What needs to be done -> Exact copies of the lines from the one holding "115 Mohican Trl, Pocono Lake, PA 18347" through the last line of the entries below are to be printed, with pictures omitted.

(Exercise materials Opens)

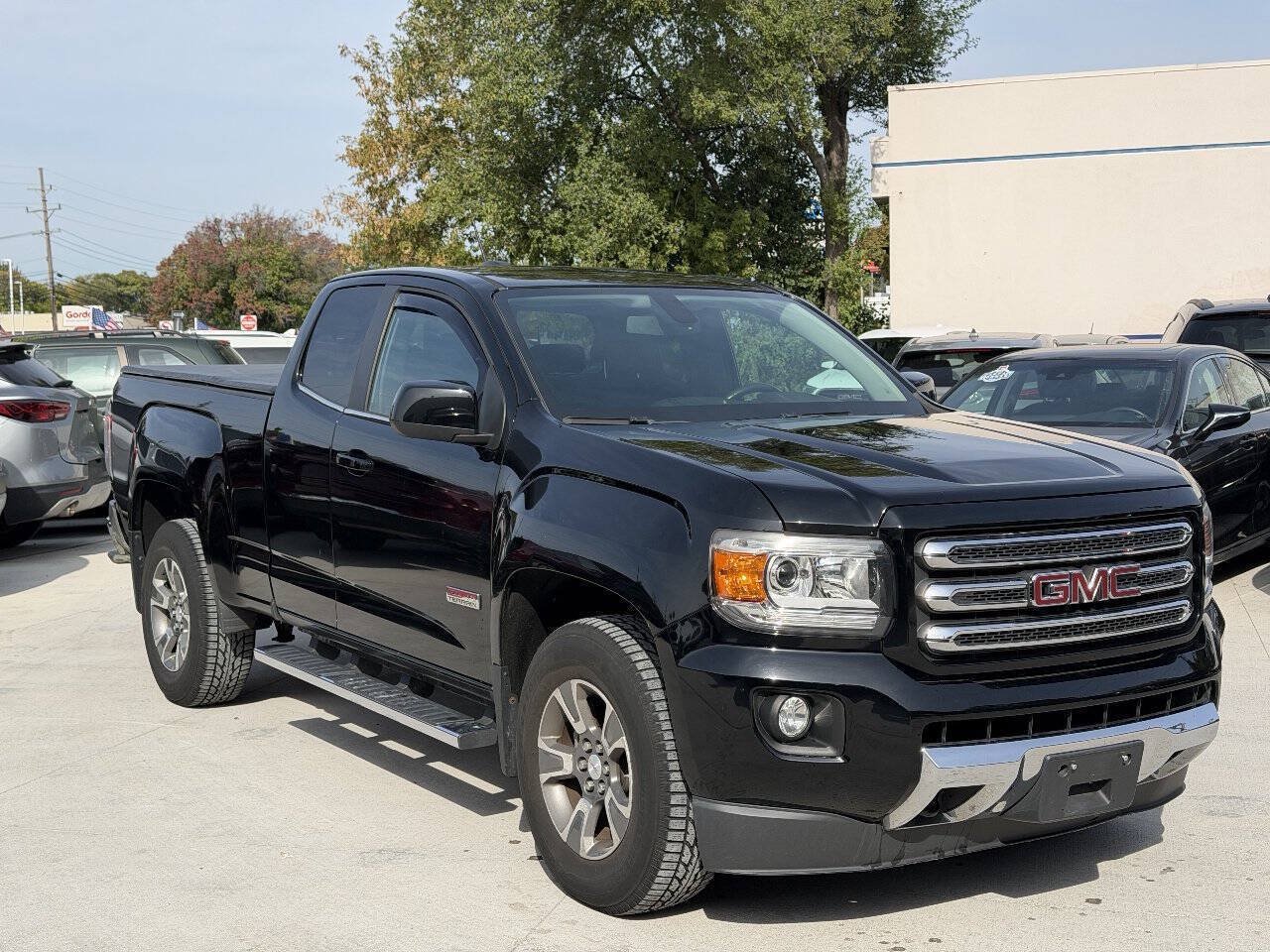 Used 2016 GMC Canyon SLE w/ All Terrain Package AWD/4WD image 4
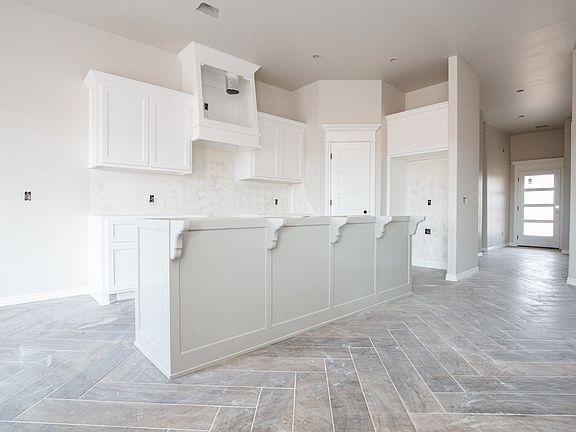 2nd image of 4301 Palisade Ln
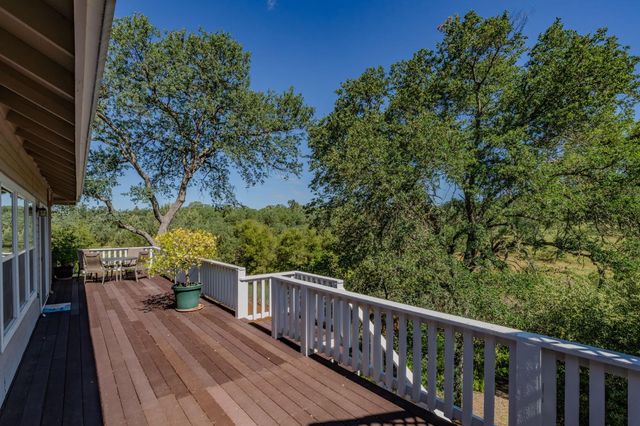 503 Baywood Ct, Valley Springs, CA 95252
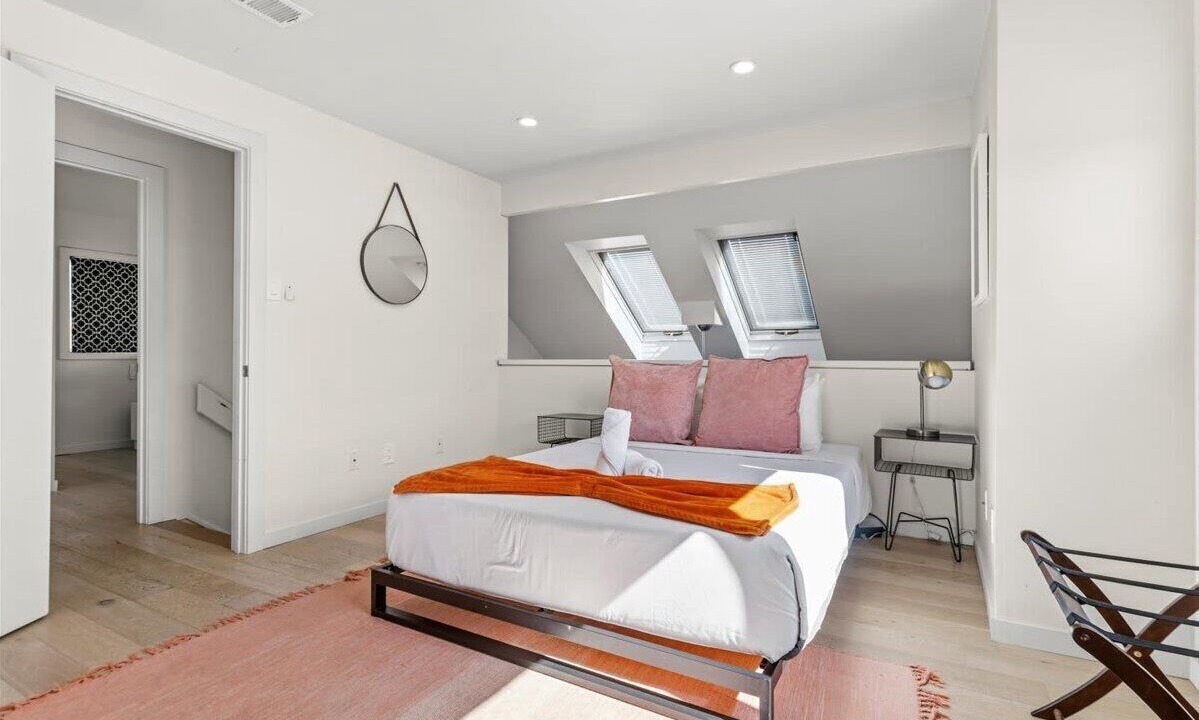 Photo of Bedroom in Manor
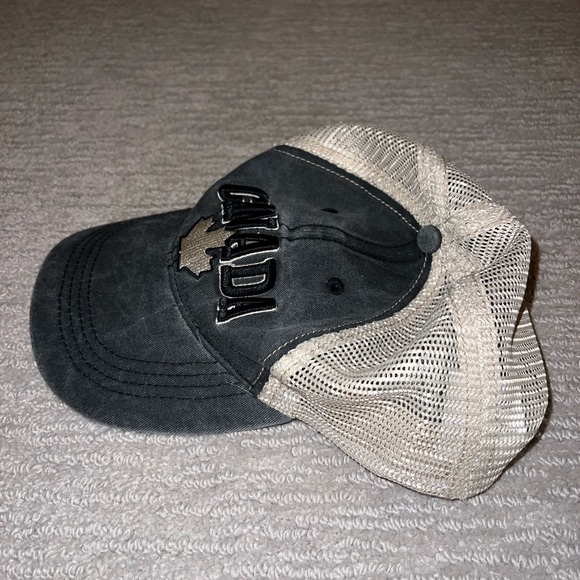 Canada Base Ball Cap - Picture 2 of 4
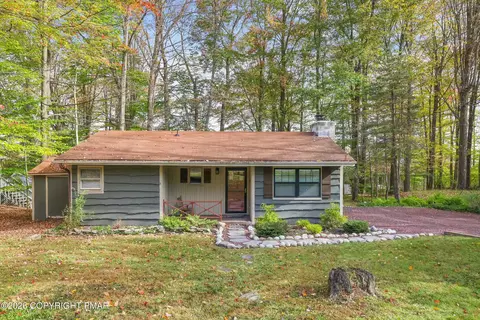 115 Mohican Trl, Pocono Lake, PA 18347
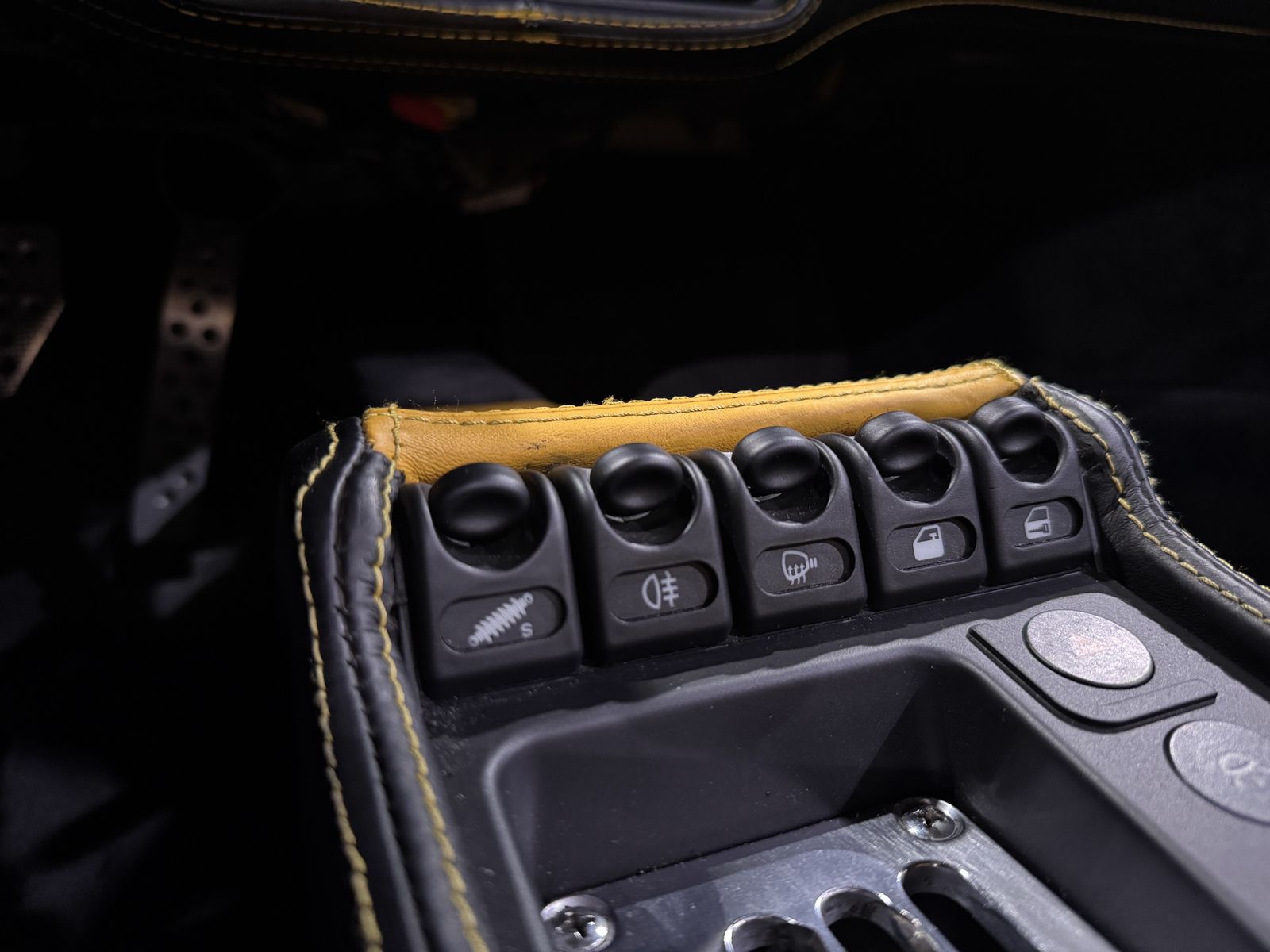 Ferrari F355 Spider u-frei*Dt. Auslieferung*6-Gang*Klima foto 24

(Exercise materials Closes)

Result below ->
 115 Mohican Trl, Pocono Lake, PA 18347
 Ferrari F355 Spider u-frei*Dt. Auslieferung*6-Gang*Klima foto 24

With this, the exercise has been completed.